Exercise aim
Find the line containing "4908 Sabelle Ln, Haltom City, TX 76117", then return it and every line after it through the end of the records, exactly. Leave out pictures.

Supplied material
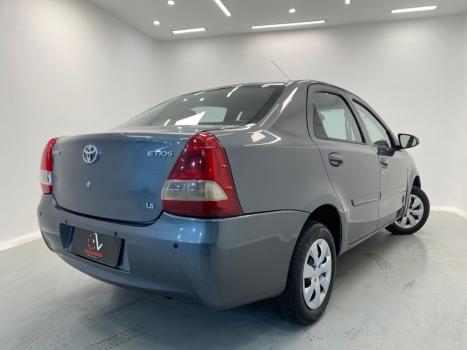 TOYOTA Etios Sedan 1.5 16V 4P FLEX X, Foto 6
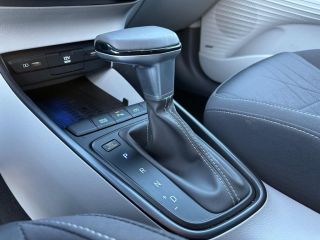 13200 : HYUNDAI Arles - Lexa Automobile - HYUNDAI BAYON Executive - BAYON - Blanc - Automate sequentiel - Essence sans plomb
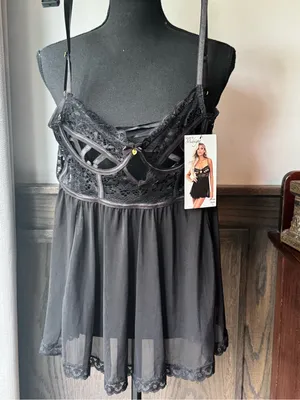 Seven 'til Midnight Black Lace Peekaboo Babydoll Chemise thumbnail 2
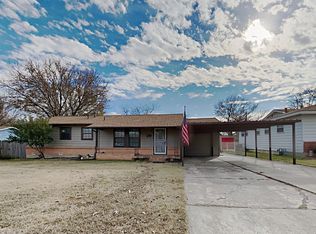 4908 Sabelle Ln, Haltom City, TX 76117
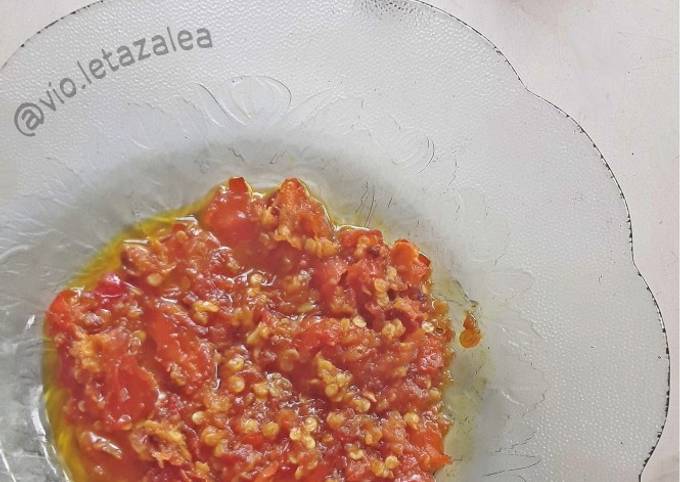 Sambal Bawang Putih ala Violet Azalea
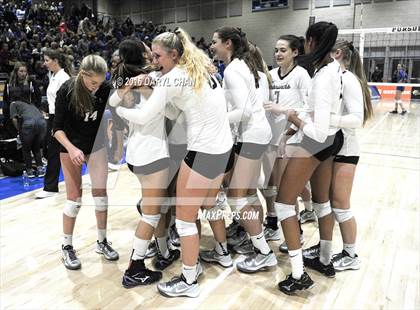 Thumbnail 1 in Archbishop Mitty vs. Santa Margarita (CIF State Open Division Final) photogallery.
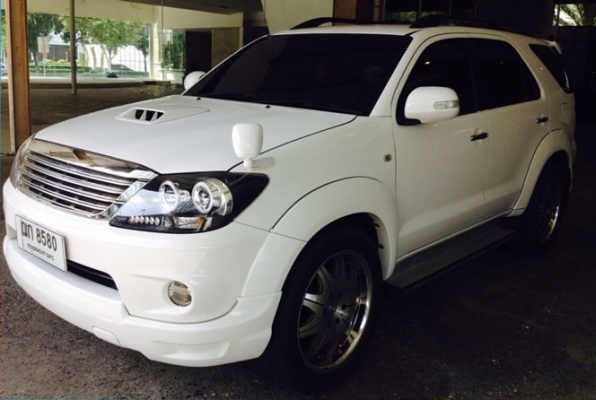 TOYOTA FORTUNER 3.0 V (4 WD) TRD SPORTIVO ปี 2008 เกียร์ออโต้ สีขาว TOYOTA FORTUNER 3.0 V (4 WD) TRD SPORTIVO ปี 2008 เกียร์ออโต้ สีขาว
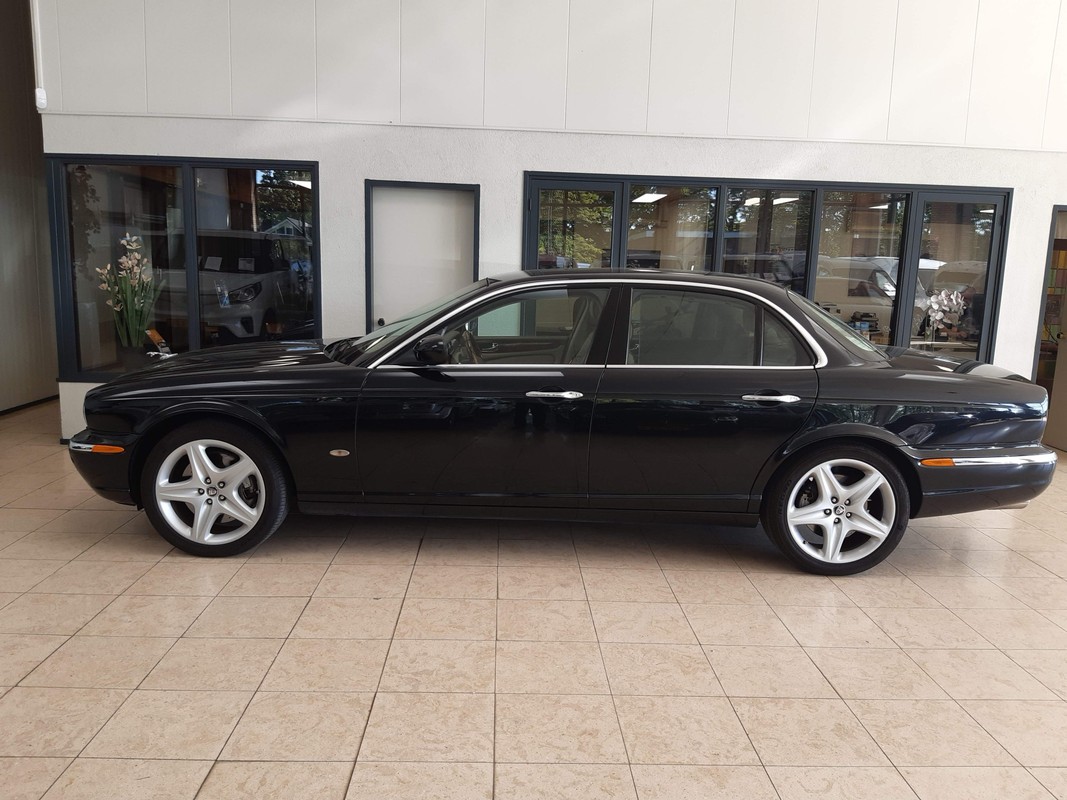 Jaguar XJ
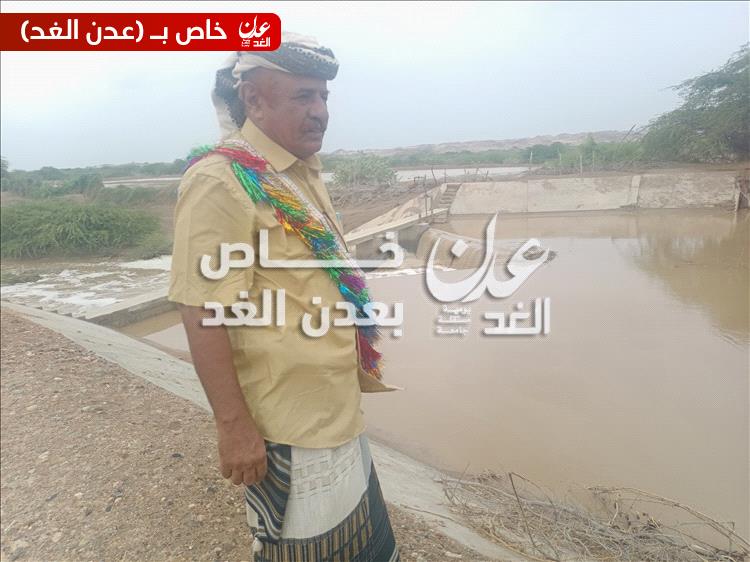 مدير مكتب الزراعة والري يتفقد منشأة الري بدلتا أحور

Answer for this exercise
 4908 Sabelle Ln, Haltom City, TX 76117
 Sambal Bawang Putih ala Violet Azalea
 Thumbnail 1 in Archbishop Mitty vs. Santa Margarita (CIF State Open Division Final) photogallery.
 TOYOTA FORTUNER 3.0 V (4 WD) TRD SPORTIVO ปี 2008 เกียร์ออโต้ สีขาว TOYOTA FORTUNER 3.0 V (4 WD) TRD SPORTIVO ปี 2008 เกียร์ออโต้ สีขาว
 Jaguar XJ
 مدير مكتب الزراعة والري يتفقد منشأة الري بدلتا أحور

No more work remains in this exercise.